Former Nigeria’s Vice President, Atiku Abubakar has sold his shares in Integrated Logistic Services (INTELS) Nigeria Limited, the country’s largest logistics company that provides comprehensive integrated services for the nation’s oil and gas industry.
Sources said the money made from the deal might be used to prosecute the former vice president’s presidential bid in 2023.
Intels spokesman, Mr. Tommaso Ruffinoni, said Atiku exited the company with his family as at December last year.
The former vice president was said to have sold his interests through a series of transactions executed by his family Guernsey Trust, in deals that began in December 2018 and concluded last year.
Atiku was said to have sold his shares in Intels to Orleal Investment Group, the parents company of Intels, for various amounts totalling over $100 million in the deal that spanned two years.
It was learnt that Atiku was paid $60 million, $29 million $24.1 million in three instalments.
Analysts believed that with that amount of cash, Atiku may be ready for another presidential bid.
According to Ruffinoni, with Atiku’s divestment of his interest in the company, two of his children working in the organisation, Mr. Adamu Atiku Abubakar and Mr.
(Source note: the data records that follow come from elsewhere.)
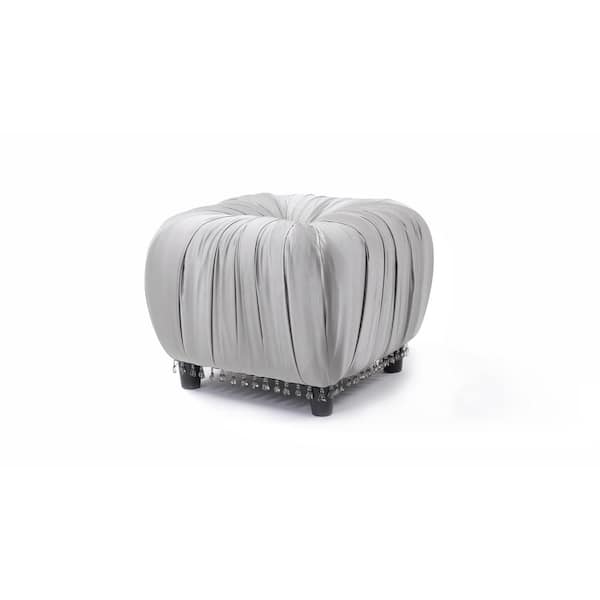 Jennifer Taylor Gracie Flint Grey Decorative Ottoman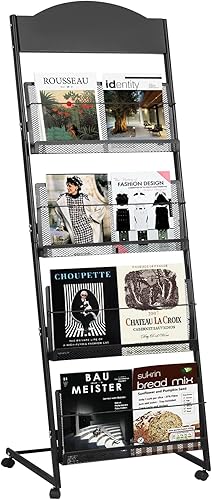 Estante de exhibición para revistas, soporte de pie para folletos, 4 bolsillos para ferias comerciales, oficina, centros comerciales, soporte de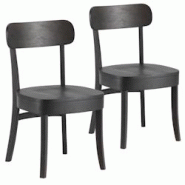 VS Venta-stock Pack de 2 chaises Nala couleur Noir, Bois massif - noir Bois massif I23110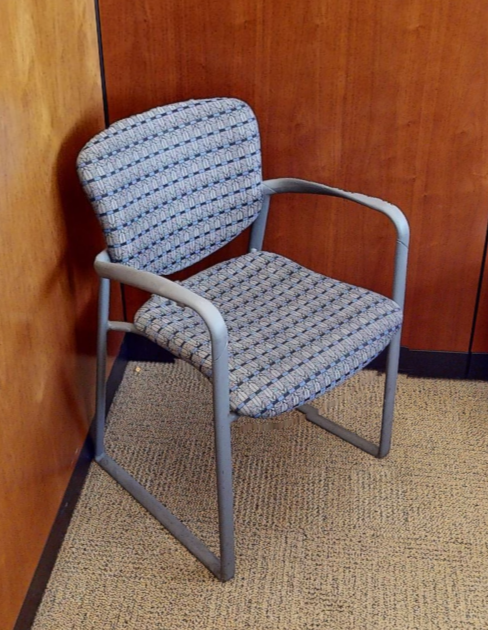Plaid guest chair with arms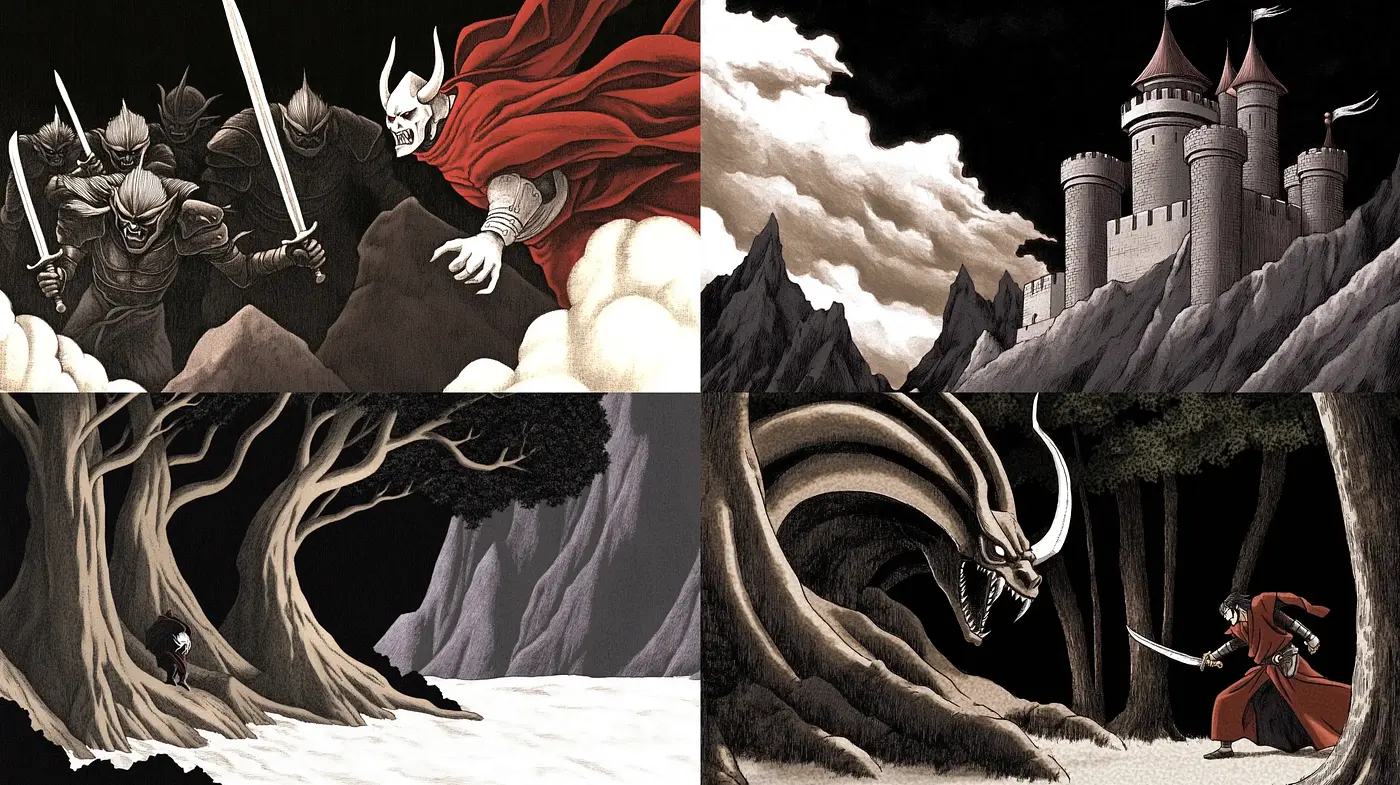 Gothic Fantasy Realms and Epic Battles in Monochromatic Shades - Midjourney sref style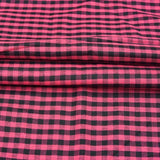 Pink Black Checks Handloom Cotton Fabric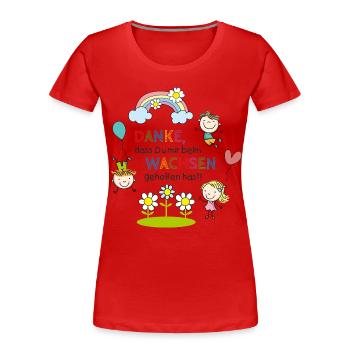 Saying daycare farewell | Children - Rainbow - Flowers - Women's Premium Organic T-Shirt - red - Front - Mia (176cm)
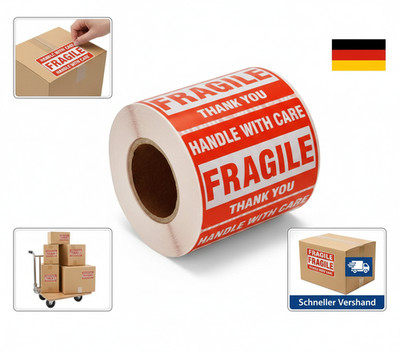 Alitamei Vorsicht zerbrechlich 500 Zerbrechliche Aufkleber 2''x3'' Fragile Sticker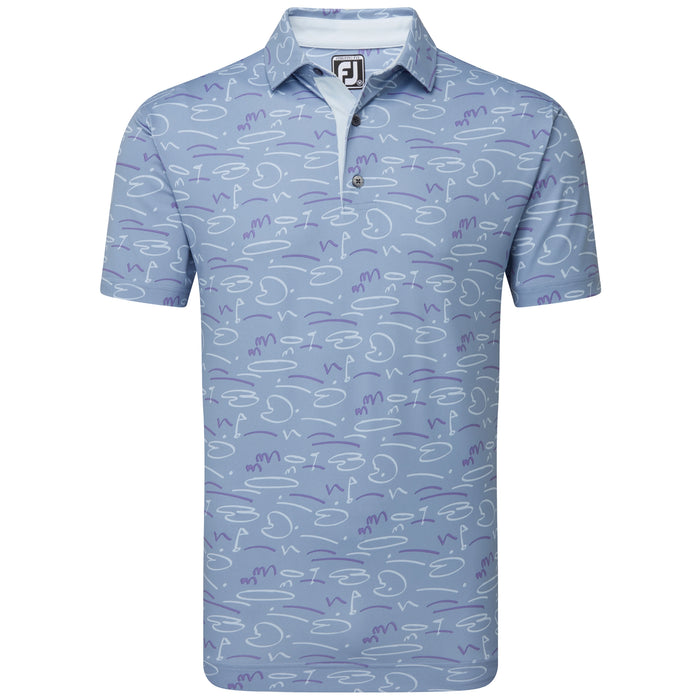 FootJoy Golf Course Doodle Self Collar Polo Shirt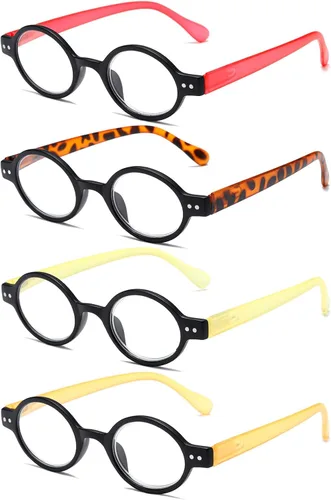 Vista 7 de Paquete de 4 mini lentes de lectura redondos pequeños, cómodos para mujeres y hombres (multicolor2, 1.00, multiplicador_x)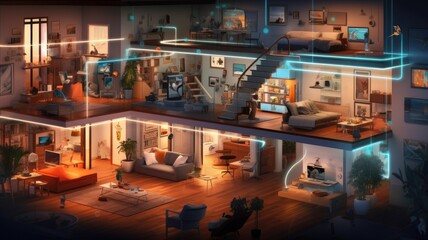 Smart devices in a home, communicating with each other and forming a network that enhances daily life, exemplifying the concept of IoT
Aminu Atiku Abubakar, have ended their working relationship with the organisation.
Efforts to reach Atiku in Dubai, where he is currently based, proved abortive as he was said to have travelled to Saudi Arabia.
The former vice president had in 2015, described Intels as his most successful business.
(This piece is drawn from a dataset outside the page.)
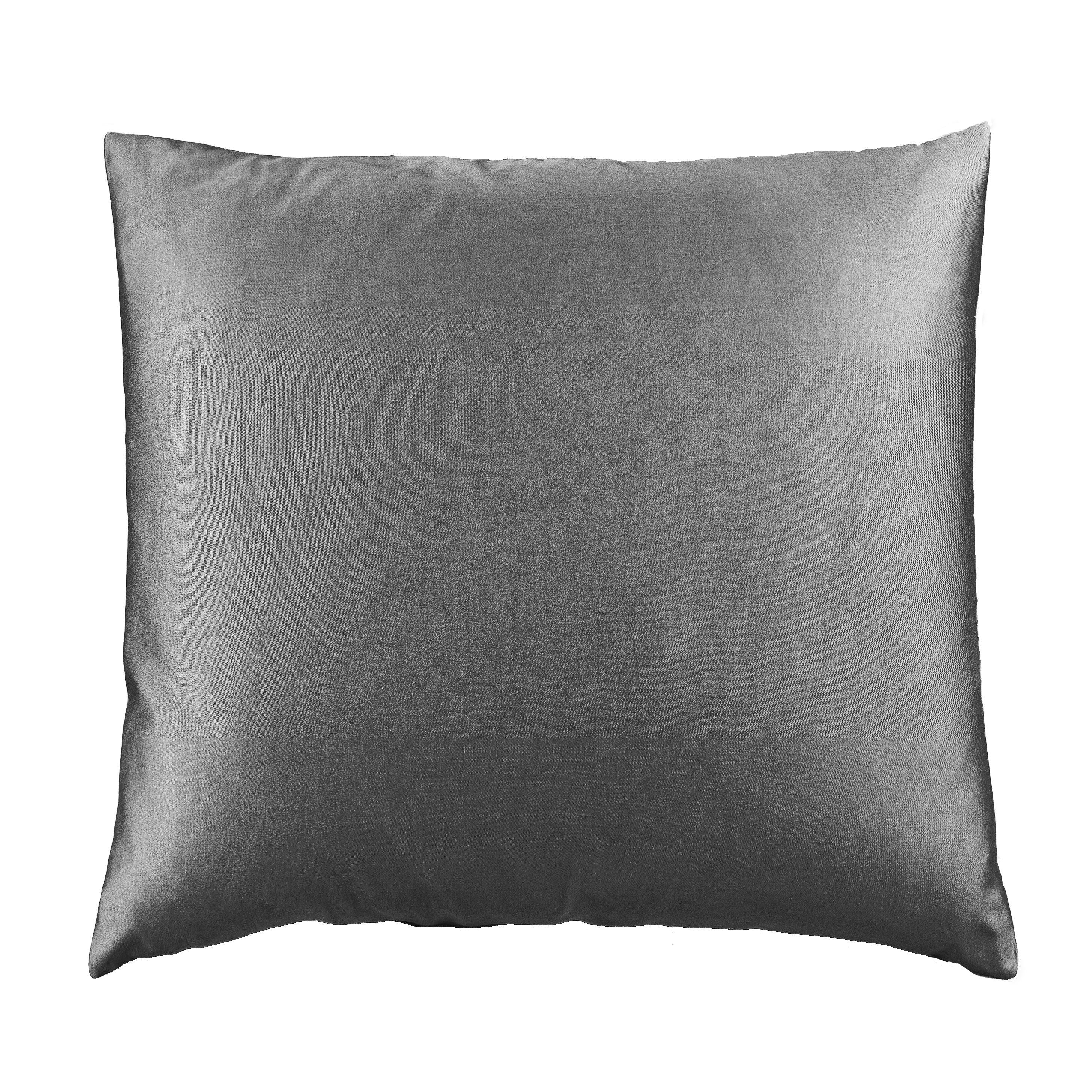 Cuscino Arredo 50 x 50 cm in Raso di puro cotone Antracite - Vanita di raso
But Intels, in the last few years, has been having a running battle with the federal government, culminating in the cancellation of its 17-year-old contract with the Nigerian Ports Authority (NPA) for pilotage monitoring.
The federal government had in October 2017 directed the NPA to terminate the boats pilotage monitoring and supervision agreement that the agency has with Intels, saying that the contract was void ab initio.
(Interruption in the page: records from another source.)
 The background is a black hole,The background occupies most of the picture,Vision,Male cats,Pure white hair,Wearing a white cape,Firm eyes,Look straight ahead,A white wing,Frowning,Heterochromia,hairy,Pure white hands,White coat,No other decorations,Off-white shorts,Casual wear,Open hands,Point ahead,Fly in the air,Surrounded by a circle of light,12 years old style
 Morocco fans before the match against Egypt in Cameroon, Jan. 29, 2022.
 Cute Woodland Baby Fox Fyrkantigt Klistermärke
The NPA had also accused Intels of refusing to remit to the federal government service boat pilotage revenue in the firm’s custody, which amounted to $207.646 million (N78.905 billion) as at September 30, 2019.
NPA said the money was aside from service boat pilotage revenue for January 1, 2020 to July 31, 2020 amounting to $97.029 million, which adds up to $307.675 million (N115.775 billion) in the custody of Intels.
However, Intels had denied owing NPA to the tune of $145.8 million, insisting that NPA owes it over $750 million, giving to a possible recourse to litigation to resolve the dispute.
The former vice president’s investment portfolio spans across various sectors which include food and beverages, oil and gas, agriculture, education, media, logistics, hospitality, property and haulage.
With his deep pocket and a likely final push for the presidency in 2023, Atiku is seen one of the favourites to clinch the presidential ticket of Nigeria’s main opposition party – the Peoples Democratic Party (PDP).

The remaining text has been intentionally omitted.